Most Americans Are Still Making Resolutions
About 3 in 5 Americans say they’re making New Year’s resolutions in 2026—a figure that has remained remarkably stable year over year. Despite shifting cultural conversations around self-improvement and burnout, the tradition of setting goals appears resilient.
The most common resolutions also remain unchanged. Health and wellness dominate once again, with exercise, healthier eating, and weight loss leading the list. Financial success and maintaining a positive outlook round out the top goals, reinforcing that resolutions tend to focus on long-term self-optimization rather than short-term change.
Confidence Meets Reality
Among those setting resolutions, confidence is high. Nearly 80% say they plan to stick with their goals this year—an optimism that mirrors what we’ve seen in past surveys.
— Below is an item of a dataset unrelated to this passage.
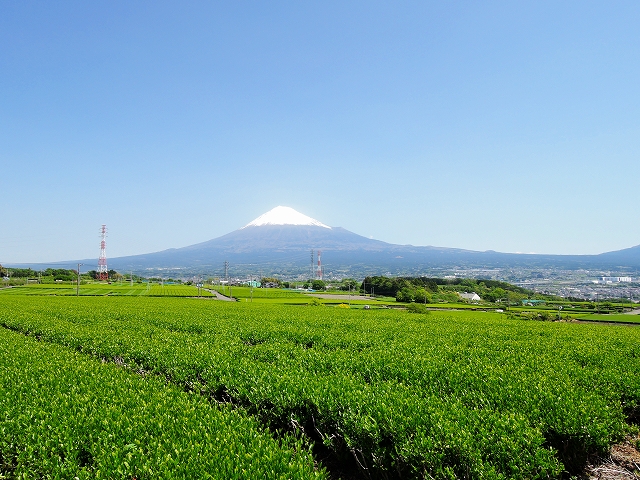 DSCN1823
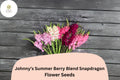 Antirrhinum majus Johnny’s Potomac Summer Berry Blend Snapdragon Seeds – 1000+ Vibrant Cut Flower Seeds for Garden, Borders, and Floral Arrangements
But when respondents reflect on prior years, a different story emerges. Historically, fewer than half report actually following through on their resolutions. The result is a consistent and measurable intention–action gap: people begin the year motivated, yet struggle to sustain change over time.
This pattern isn’t about a lack of effort or awareness. Behavioral research shows that motivation peaks during moments of transition, while long-term follow-through depends on structure, reinforcement, and habit formation—factors that are often missing once January momentum fades.
Why the Gap Matters
For brands, researchers, and product teams, this insight is critical. Consumers aren’t lacking motivation—they’re struggling with follow-through. Experiences, tools, and interventions that acknowledge this reality can better support long-term behavior change, rather than relying on short-lived enthusiasm.
As 2026 begins, the takeaway is clear: New Year’s resolutions aren’t failing because people don’t care. They fail because intention alone isn’t enough.